The valve piston will therefore automatically close whenever there
is a loss of hydraulic control. In normal operation, the hydraulic
operator assembly will keep the valve piston and shaft in open
position until the wellbore gases have been vented. When the
venting has been completed, the hydraulic operator assembly draws
the valve piston and shaft back into closed position.
Inventors: |
Bond; John A. (Houston,
TX) |
Assignee: |
Baroid Technology, Inc.
(Houston, TX)
|
Family
ID: |
21868248 |
Appl.
No.: |
07/033,041 |
Filed: |
March 31, 1987 |
Current U.S.
Class: |
166/363; 166/321;
175/218; 251/63.6; 166/84.3; 166/97.1; 166/364; 251/1.1 |
Current CPC
Class: |
E21B
34/04 (20130101); E21B 33/064 (20130101) |
Current International
Class: |
E21B
34/04 (20060101); E21B 34/00 (20060101); E21B
33/064 (20060101); E21B 33/03 (20060101); E21B
033/064 (); E21B 034/04 (); E21B 043/12 () |
Field of
Search: |
;166/335,363,364,91,90,97,95,321 ;175/218
;251/1.1,1.2,1.3,339,63.5,63.6 |
References Cited
[Referenced By]
U.S. Patent Documents
Primary Examiner: Dang; Hoang C.
Attorney, Agent or Firm: Browning, Bushman, Anderson &
Brookhart
Claims
What is claimed is:
1. A pressure release valve within a subsea blowout preventer
having a first housing and a central passage extending through said
first housing, said passage having upper and lower ends,
comprising:
a shaft slidably disposed within an aperture through said first
housing;
a valve piston mounted on said shaft for sealing said aperture when
said shaft and said valve piston are in a closed position;
an open vent conduit through said first housing communication said
aperture with the outside of said first housing; and
a hydraulic operator assembly mounted on said first housing for
moving said shaft and said valve piston into an open position to
permit gases within the central passage to flow through said
aperture and through said open vent conduit.

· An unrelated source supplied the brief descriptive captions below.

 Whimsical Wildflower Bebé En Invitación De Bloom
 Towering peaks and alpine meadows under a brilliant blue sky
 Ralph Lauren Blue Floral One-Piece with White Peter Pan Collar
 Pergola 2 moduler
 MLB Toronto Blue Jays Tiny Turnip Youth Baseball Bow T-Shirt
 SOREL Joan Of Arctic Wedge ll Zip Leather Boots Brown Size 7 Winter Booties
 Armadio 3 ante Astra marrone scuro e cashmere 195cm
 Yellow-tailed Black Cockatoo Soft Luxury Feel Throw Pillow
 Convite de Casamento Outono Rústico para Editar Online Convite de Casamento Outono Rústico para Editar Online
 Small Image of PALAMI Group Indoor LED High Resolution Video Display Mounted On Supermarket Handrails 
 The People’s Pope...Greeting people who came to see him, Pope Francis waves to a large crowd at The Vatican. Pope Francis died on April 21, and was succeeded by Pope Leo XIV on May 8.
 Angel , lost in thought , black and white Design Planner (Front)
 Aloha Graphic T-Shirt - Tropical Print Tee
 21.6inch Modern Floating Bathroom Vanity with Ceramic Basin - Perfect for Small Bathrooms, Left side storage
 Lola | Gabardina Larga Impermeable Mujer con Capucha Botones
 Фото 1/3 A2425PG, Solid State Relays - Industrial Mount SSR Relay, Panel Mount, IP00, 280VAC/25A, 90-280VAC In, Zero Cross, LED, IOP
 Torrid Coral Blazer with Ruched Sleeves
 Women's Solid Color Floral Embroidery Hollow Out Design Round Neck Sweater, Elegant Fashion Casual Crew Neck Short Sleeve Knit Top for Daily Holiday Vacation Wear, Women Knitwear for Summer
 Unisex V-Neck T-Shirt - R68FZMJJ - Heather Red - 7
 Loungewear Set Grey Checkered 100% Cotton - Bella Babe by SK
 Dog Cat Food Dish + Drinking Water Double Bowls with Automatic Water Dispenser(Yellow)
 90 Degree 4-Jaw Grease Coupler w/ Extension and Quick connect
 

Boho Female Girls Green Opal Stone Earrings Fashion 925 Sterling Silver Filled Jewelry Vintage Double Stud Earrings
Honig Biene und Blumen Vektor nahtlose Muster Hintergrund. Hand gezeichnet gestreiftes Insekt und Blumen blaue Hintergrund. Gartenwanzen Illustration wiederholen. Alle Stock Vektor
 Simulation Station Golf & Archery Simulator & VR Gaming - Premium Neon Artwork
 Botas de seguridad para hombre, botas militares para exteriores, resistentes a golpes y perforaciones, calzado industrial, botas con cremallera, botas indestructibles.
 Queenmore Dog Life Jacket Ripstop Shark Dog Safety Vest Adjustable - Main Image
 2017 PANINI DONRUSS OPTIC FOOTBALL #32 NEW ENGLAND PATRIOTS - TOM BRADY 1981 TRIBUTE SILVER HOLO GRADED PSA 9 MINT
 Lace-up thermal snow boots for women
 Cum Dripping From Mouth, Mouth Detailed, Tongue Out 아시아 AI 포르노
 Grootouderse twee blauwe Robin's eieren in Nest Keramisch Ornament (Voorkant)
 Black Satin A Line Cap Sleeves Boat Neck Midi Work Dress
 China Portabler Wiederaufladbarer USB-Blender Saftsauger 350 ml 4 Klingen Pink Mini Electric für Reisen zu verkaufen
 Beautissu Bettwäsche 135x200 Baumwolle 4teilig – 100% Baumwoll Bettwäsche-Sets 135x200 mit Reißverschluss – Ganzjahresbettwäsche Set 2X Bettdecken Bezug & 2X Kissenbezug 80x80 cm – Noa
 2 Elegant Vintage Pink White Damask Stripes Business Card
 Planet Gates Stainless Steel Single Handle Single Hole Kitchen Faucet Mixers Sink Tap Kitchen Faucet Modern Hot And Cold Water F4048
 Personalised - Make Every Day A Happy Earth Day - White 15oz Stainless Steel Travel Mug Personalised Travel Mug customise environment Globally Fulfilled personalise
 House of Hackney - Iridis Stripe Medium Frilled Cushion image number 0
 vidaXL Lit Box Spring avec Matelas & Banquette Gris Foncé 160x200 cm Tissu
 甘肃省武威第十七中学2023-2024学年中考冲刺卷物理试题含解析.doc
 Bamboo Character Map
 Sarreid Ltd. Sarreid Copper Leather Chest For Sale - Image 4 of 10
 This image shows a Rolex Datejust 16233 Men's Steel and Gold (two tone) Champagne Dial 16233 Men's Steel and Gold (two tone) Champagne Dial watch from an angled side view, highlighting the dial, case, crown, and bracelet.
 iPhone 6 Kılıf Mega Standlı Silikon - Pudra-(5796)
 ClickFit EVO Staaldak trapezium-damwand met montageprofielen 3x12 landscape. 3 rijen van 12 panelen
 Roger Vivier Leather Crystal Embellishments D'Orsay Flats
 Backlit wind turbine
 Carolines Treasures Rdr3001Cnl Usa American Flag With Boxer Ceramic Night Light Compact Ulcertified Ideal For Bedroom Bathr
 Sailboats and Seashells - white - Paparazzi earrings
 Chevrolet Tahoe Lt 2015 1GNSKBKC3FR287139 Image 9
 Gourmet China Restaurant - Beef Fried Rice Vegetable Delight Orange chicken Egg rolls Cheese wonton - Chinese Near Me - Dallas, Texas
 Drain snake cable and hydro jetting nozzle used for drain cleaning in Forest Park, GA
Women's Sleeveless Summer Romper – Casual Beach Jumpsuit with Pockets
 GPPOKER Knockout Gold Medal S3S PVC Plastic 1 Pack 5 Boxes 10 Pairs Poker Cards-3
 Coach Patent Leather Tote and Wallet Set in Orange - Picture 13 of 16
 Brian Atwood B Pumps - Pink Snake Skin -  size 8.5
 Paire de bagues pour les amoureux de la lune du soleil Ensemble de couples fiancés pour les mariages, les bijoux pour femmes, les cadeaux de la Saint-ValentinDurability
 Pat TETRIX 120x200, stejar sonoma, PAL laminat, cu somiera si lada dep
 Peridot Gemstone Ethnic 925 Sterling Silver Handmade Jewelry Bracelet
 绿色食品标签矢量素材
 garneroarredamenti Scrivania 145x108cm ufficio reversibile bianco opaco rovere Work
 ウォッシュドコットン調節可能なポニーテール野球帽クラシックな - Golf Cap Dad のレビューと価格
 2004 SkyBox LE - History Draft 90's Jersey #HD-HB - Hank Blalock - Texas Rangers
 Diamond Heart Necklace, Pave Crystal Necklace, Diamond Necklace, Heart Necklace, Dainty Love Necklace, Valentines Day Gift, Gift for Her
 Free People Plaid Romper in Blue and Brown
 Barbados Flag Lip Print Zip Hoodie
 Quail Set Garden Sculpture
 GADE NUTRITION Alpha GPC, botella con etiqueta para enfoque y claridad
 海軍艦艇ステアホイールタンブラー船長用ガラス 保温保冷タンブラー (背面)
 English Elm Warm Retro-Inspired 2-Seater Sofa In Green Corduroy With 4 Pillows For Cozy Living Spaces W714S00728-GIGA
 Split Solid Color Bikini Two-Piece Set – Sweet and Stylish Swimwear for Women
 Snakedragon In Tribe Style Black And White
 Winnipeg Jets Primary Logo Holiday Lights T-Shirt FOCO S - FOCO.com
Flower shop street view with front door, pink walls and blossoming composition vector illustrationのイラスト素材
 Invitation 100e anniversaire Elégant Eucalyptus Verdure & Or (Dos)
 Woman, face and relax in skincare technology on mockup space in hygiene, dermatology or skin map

2. A pressure release valve as claimed in claim 1 wherein said
hydraulic operator assembly comprises:
a second housing;
an operator piston slidably disposed within said second
housing;
said operator piston mounted on an end of a portion of said shaft
that extends from said aperture through said first housing;
a piston housing cap for sealing said second housing;
biasing means for tending to retain said operator piston against
said piston housing cap;
means for providing hydraulic fluid to move said operator piston
and said shaft against said biasing means to cause said shaft to
move said valve piston into an open position.
Description
BACKGROUND OF THE INVENTION
1. Field of the Invention
This invention relates generally to subsea blowout preventers of
the type used in the oil and gas drilling and production industry
and, in particular, to an improved valve for venting gas through a
wall of a subsea blowout preventer.
2. Description of the Background
It is well known that blowout preventers can be opened and closed
to control the pressures in an earth wellbore. This is also known
as either being in an unsealed (open) or in a sealed (closed)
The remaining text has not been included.